Les plateformes de vente en ligne et les librairies de vente physique ne sont pas soumises aux mêmes conditions, pour autant, il est important de faire respecter la loi Lang de 1981 sur le prix unique du livre.
Nous tenons particulièrement à rappeler notre attachement à ce dispositif et à ce précieux maillon de la chaîne de diffusion de la culture que sont les libraires et les librairies.
Il ne faut pas oublier, selon nous, le rôle de la librairie dans la chaîne du livre. Sans les librairies, il n’y a pas d’auteurs, en tout cas pas de nouveaux auteurs émergents, qui ont besoin de temps pour trouver un public. C’est dans cette optique que la loi du 10 août 1981 avait instauré le système du prix unique du livre en France, qui a permis de préserver la création littéraire et de protéger les petites librairies indépendantes contre la menace des grandes surfaces offrant une moins grande diversité d’ouvrages.

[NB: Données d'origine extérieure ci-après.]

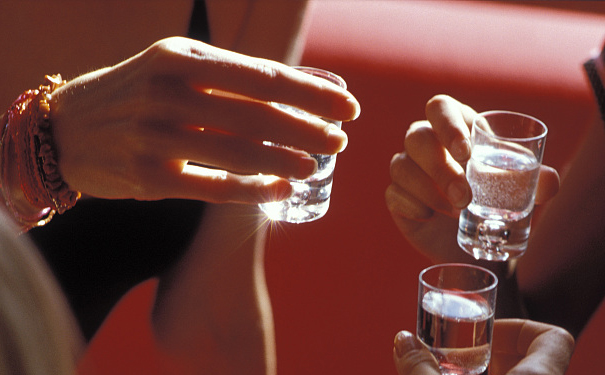 白酒文化:从节庆欢聚到商务洽谈的社交媒介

Mais, depuis 1981, et avec, en 2011, le vote de la loi relative au prix du livre numérique, des évolutions technologiques et comportementales ont modifié la façon dont les livres sont vendus. Peut-être parlera-t-on plus tard d’un changement de paradigme.

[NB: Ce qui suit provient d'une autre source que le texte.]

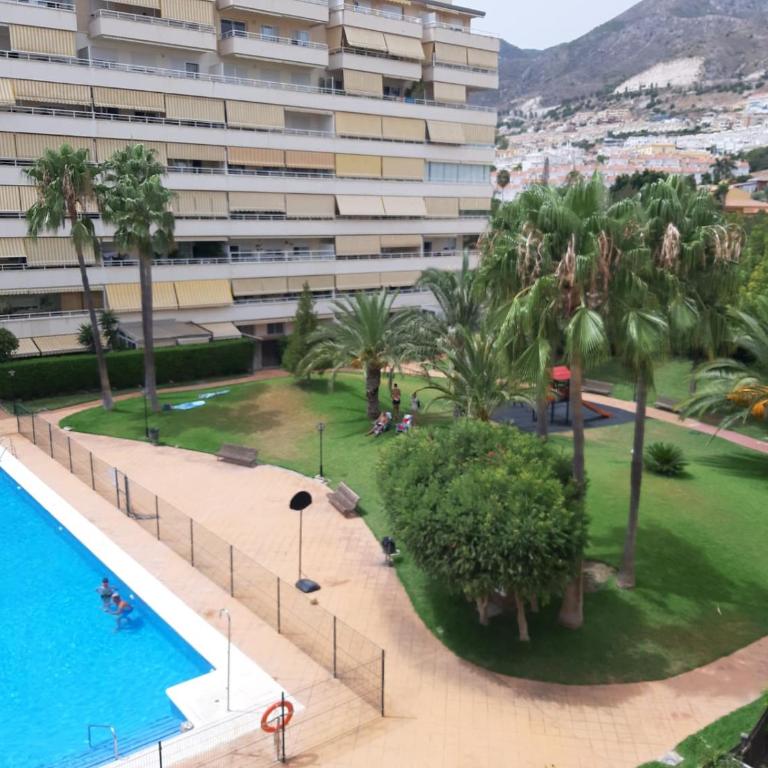 Apartamento Acogedor - Apartamento de 3 dormitorios con vistas a las montañas - 1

Les grandes surfaces alimentaires ou généralistes captent environ 20 % du total des ventes, qui se réduisent souvent aux best-sellers. Les grandes surfaces consacrées à la culture représentent 23 % des ventes, 15 % sont réalisées par le commerce en ligne, 12 % par la vente par correspondance et les clubs de lecture et 8 % par les kiosques et autres commerces de presse.
Les librairies indépendantes réalisent, quant à elles, 24 % du total des ventes de livres physiques. Ce dernier résultat ne doit pas pour autant faire oublier les fermetures régulières et regrettables de librairies, comme à Beauvais, ni le dépôt de bilan des cinquante-sept librairies Chapitre, qui constituent autant de signaux inquiétants et autant d’emplois détruits.
Plus important encore, par un mouvement croisé, les ventes de livres chutent de 3, 8 % dans les petites libraires, alors qu’elles progressent de 9, 7 % dans la vente à distance.
La vente en ligne constitue ainsi une nouvelle forme de concurrence redoutable, pour laquelle le livre est devenu un produit d’appel permettant à des officines de constituer des fichiers de clients qui seront utilisés demain à d’autres fins.
Le problème tient au fait que les sites de vente en ligne offrent des frais de port gratuits. C’est ce qui a motivé le dépôt de cette proposition de loi, car il s’agit d’un moyen de contourner la loi de 1981. Cela n’est pas acceptable, ainsi qu’il a été dit dans la présentation de la proposition de loi, acté à l’Assemblée nationale et revu en commission.
Ainsi, pour tenter de soutenir les librairies, la proposition de loi que nous examinons a pour objectif l’interdiction du cumul du rabais de 5 % et de la gratuité des frais de port.
Nous saluons le travail de la rapporteur, Bariza Khiari, qui a complété le dispositif proposé, afin d’indiquer que le service de livraison ne peut être offert à titre gratuit, dès lors que la commande n’est pas remise en magasin.
Mes chers collègues, cette proposition de loi ne suffira vraisemblablement pas à sauver le modèle traditionnel des librairies de proximité, mais, sans ce texte, ces établissements ne disposeraient pas du temps utile pour s’adapter aux évolutions nécessaires. En ce sens, cette proposition de loi constitue une bouée, et c’est certainement positif.
Au-delà, le débat de ce soir pose aussi la question du modèle culturel que nous souhaitons pour le livre et l’édition et, par extension, le modèle de société que nous voulons. Pour soutenir le livre, il faut non seulement des auteurs qui écrivent des ouvrages de qualité, mais aussi des lecteurs qui achètent ou empruntent ces livres, dans un écosystème très délicat.
La véritable cause du présent débat tient au manque de fair-playd’une entreprise qui a eu une idée de génie et qui, simplement, en contournant les règles du droit du travail et du droit fiscal, parvient à instaurer un avantage compétitif absolument déloyal par rapport aux petites librairies.